This point doesn't seem to have been taken further by anyone; and indeed, if
all we're interested in is keeping our beloved and functional fetchmail
running with minimal work, maybe it's not relevant.

But if we *were* to rewrite fetchmail from scratch, I'd suggest a completely
new architecture.

Background: I recently came across 'unison' and now use it to synchronise
filesystems on my laptop and desktop machines. The way it works is to keep a
state file on each machine, listing the files within the managed directory
tree, their timestamps and checksums. When you run 'unison' it checks which
files have been created/modified/deleted on each machine, and propagates the
changes from one to the other. The only thing that needs manual resolution
is when the same file has been changed on both machines independently. I now
keep all my mail folders in Maildir format rather than mbox, and that
enables it to do two-way propagation of changes.

What I'd propose is something similar, but for mailboxes. It would consist
of a central core plus a number of plug-in protocol modules (pop3, imap,
smtp, read mailspool directly, exec MTA directly, etc).

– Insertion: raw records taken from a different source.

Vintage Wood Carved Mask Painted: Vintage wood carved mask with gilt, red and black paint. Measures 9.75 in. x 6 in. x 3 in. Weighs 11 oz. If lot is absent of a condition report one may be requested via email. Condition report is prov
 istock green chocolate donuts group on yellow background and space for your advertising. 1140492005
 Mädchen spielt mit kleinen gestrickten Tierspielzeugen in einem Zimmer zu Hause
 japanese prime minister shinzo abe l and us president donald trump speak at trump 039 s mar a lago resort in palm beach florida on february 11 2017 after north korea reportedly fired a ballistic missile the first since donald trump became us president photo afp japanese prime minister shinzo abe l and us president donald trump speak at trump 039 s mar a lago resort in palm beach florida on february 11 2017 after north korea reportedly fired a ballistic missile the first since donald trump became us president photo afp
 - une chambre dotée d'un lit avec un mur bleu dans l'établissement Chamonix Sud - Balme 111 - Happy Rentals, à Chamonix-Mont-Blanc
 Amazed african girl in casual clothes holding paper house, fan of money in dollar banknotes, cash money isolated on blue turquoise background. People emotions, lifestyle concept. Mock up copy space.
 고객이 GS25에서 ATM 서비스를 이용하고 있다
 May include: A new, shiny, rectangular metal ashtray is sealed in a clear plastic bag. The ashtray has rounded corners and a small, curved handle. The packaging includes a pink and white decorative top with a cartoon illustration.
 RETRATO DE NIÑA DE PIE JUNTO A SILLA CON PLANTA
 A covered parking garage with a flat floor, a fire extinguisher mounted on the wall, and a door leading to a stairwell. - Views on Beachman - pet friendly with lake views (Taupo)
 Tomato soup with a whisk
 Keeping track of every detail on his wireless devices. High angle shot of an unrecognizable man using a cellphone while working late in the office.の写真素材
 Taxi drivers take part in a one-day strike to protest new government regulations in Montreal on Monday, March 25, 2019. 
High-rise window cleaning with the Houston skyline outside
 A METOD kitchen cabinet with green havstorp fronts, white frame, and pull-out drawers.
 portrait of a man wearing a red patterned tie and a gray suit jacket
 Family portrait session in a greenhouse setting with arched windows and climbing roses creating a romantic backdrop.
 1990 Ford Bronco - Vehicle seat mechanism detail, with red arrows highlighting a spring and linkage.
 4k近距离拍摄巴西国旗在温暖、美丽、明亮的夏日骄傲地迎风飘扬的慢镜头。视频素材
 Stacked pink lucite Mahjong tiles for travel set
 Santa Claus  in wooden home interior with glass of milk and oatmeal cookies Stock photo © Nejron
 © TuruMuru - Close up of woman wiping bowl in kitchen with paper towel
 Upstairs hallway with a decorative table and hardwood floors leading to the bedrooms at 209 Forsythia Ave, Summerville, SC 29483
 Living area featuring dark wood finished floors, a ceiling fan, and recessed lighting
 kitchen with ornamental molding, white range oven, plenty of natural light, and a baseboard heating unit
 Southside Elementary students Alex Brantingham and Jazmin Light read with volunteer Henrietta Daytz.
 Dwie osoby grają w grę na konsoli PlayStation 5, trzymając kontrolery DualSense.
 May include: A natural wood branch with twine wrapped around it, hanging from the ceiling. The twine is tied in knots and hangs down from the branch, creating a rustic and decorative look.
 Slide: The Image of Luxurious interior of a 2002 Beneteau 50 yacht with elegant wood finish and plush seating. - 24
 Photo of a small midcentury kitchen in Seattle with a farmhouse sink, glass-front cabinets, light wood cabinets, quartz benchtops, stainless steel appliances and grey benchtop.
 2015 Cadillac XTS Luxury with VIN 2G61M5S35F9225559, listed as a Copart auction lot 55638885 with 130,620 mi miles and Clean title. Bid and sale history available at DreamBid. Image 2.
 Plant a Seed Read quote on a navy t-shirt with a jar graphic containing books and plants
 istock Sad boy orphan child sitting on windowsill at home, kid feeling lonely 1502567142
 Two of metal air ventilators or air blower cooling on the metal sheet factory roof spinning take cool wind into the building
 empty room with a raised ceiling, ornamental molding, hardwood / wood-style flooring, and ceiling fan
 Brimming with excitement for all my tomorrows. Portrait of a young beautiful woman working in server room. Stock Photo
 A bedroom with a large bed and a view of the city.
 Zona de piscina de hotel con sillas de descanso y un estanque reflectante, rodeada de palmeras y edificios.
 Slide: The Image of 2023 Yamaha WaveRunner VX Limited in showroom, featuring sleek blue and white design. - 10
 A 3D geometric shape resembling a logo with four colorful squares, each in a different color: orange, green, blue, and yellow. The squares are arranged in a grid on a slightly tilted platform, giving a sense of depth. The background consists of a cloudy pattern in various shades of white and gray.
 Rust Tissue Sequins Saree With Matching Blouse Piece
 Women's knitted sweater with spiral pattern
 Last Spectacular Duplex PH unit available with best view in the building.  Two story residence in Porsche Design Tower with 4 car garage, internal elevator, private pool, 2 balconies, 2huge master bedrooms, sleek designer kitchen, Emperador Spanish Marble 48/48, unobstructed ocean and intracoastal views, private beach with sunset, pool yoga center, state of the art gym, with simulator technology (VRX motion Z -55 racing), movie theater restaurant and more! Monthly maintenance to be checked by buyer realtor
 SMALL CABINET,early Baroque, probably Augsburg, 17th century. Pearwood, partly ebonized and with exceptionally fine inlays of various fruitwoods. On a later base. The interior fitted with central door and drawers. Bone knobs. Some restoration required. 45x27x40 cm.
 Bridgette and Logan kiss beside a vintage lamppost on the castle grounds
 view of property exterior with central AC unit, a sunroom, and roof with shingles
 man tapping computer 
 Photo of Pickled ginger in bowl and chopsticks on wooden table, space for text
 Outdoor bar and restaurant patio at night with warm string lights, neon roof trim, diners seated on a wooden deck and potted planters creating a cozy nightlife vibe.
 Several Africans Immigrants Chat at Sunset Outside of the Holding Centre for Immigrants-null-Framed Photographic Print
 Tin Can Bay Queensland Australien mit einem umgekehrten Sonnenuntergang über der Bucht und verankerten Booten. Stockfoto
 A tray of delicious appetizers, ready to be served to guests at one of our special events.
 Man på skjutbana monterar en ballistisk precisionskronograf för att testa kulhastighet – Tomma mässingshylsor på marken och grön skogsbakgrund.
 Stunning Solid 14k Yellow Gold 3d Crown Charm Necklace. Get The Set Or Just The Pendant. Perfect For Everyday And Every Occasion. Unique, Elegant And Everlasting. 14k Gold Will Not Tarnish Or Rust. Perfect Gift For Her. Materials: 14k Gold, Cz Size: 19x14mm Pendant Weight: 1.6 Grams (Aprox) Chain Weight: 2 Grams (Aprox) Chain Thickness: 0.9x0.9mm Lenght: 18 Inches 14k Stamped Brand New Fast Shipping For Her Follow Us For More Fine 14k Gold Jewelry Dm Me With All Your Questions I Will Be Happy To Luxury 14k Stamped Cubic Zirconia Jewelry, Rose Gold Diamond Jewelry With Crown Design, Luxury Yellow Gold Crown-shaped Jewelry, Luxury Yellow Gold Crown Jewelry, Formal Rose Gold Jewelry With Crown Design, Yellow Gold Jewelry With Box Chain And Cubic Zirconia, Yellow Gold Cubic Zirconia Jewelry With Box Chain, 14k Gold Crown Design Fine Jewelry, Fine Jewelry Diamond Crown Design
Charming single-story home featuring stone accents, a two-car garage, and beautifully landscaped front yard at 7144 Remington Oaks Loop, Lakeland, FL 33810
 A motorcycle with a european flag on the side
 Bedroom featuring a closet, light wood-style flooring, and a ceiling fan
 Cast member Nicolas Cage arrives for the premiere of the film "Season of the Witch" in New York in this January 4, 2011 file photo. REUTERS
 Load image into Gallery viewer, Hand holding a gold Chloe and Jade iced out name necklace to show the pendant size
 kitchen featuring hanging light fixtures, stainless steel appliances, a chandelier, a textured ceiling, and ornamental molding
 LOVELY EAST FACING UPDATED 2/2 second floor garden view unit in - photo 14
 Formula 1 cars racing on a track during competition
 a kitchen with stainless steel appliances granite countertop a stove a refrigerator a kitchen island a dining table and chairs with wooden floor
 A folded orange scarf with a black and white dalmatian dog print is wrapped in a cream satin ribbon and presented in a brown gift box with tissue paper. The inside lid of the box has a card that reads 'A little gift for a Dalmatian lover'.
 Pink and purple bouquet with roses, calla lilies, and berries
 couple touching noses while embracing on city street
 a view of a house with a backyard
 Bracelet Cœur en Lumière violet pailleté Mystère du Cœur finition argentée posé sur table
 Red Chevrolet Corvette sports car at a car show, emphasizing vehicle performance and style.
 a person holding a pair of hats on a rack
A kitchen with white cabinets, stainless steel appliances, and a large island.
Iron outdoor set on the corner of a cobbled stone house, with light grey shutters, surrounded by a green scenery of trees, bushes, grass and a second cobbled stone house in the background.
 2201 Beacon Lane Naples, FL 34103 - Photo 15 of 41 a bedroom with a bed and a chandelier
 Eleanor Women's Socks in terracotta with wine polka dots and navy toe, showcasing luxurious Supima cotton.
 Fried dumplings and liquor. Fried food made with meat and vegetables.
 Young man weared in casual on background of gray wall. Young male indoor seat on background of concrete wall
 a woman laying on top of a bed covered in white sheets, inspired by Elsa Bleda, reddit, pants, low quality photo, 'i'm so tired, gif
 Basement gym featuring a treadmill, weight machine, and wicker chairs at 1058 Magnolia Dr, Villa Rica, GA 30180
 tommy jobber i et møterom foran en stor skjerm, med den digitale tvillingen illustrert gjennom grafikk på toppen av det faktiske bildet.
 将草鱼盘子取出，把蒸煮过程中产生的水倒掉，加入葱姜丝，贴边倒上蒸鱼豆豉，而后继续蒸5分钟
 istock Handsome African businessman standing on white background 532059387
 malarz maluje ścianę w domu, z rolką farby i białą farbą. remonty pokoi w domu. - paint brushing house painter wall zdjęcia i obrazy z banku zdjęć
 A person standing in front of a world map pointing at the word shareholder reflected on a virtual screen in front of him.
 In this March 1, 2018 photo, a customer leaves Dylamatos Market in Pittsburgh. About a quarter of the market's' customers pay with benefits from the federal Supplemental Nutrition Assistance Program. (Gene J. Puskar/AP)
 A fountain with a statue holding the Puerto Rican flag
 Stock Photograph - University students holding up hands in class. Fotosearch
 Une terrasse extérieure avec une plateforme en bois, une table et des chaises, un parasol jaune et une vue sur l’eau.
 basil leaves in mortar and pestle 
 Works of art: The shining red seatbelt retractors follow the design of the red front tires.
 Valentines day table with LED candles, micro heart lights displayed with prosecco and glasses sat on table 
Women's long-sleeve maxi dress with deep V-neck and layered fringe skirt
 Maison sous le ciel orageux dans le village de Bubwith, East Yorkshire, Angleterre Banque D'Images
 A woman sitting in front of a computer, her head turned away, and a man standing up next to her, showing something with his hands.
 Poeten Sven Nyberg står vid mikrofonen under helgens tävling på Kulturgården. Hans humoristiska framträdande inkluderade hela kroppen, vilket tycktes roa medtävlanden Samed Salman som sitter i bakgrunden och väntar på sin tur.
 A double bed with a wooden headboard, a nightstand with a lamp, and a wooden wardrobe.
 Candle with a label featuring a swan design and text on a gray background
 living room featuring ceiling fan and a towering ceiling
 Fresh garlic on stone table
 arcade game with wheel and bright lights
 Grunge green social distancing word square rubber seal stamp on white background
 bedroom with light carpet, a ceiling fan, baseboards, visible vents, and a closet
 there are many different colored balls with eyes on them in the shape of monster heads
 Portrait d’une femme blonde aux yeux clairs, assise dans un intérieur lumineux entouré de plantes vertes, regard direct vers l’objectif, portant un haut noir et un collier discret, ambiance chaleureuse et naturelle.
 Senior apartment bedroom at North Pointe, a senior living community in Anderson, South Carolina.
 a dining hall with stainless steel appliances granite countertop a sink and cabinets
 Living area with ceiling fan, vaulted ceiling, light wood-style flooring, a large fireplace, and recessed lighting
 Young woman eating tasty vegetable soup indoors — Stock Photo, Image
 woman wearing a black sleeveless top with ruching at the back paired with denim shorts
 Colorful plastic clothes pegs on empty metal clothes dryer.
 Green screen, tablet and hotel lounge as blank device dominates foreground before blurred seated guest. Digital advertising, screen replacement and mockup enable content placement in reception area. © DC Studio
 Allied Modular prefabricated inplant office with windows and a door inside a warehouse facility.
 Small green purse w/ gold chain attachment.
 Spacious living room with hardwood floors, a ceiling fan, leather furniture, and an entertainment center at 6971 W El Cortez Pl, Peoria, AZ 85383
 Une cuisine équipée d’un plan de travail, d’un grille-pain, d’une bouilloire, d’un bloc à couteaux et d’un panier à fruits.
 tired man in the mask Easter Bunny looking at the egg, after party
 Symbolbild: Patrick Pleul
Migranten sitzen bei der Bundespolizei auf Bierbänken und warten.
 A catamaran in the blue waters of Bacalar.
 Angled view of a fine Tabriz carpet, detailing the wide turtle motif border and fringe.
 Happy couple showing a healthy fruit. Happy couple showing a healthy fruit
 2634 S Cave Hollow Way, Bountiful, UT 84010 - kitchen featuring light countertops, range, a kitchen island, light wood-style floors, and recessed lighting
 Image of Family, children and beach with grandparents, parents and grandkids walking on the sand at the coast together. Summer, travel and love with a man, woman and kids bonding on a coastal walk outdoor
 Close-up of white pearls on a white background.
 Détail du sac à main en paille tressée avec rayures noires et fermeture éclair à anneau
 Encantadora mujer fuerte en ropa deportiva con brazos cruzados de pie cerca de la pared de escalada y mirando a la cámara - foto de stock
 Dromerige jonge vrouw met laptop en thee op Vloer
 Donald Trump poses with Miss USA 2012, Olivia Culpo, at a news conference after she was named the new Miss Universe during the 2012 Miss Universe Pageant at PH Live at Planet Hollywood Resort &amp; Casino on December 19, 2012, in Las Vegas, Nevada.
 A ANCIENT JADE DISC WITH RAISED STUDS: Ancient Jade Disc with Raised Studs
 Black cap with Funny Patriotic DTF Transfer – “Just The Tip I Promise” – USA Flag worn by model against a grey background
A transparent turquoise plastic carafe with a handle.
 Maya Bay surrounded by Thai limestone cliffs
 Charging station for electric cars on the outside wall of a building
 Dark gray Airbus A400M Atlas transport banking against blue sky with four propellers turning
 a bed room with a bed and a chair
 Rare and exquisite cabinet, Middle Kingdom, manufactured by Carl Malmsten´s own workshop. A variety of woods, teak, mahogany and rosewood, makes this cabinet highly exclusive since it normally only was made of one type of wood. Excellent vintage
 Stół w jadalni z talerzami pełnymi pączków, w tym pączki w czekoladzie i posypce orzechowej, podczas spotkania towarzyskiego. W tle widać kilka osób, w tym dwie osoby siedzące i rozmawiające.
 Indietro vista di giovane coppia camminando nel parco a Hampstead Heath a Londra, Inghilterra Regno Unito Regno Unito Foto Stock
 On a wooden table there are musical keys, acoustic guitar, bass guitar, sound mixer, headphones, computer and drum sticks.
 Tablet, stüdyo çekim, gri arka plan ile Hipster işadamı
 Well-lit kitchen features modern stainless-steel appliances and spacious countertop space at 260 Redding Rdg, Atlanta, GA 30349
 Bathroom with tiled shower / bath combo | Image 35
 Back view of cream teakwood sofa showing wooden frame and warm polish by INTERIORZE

Each module supports a few simple primitives:
- OPEN (connect to server, authenticate if required/requested)
- LIST (list all messages within mailbox, returning UID for each)
- FETCH (fetch a given message, and its envelope if available)
- DELETE
- PUT (store a message)
- CLOSE

The SMTP module would always return null for the LIST operation; it's a
PUT-only protocol. Similarly, POP3 would not support PUT.

Then the core module would implement a couple of basic functions:
- synchronise A and B (bi-directional update)
- copy new mail in A to B, optionally deleting the new mail from A
  (essentially the current fetchmail functionality: any deletions in A are
  not propagated to B, and any deletions/updates in B are not propagated
  back to A)

This is easily done by checking the list of UIDs on each side, and noting
which messages are new and which have gone, and propagating changes
appropriately. Once we've retrieved a message we can always calculate the
MD5 hash of the headers, so we can have an optional duplicate-removal system
in the core to prevent the same message propagating twice even if its UID
changes. For POP3, we would not support 'LAST' at all; anyone who wants to
leave-mail-on-server on a box which doesn't support UIDL would have to use
this, or else use POP3 in the way it was intended (i.e. read and delete).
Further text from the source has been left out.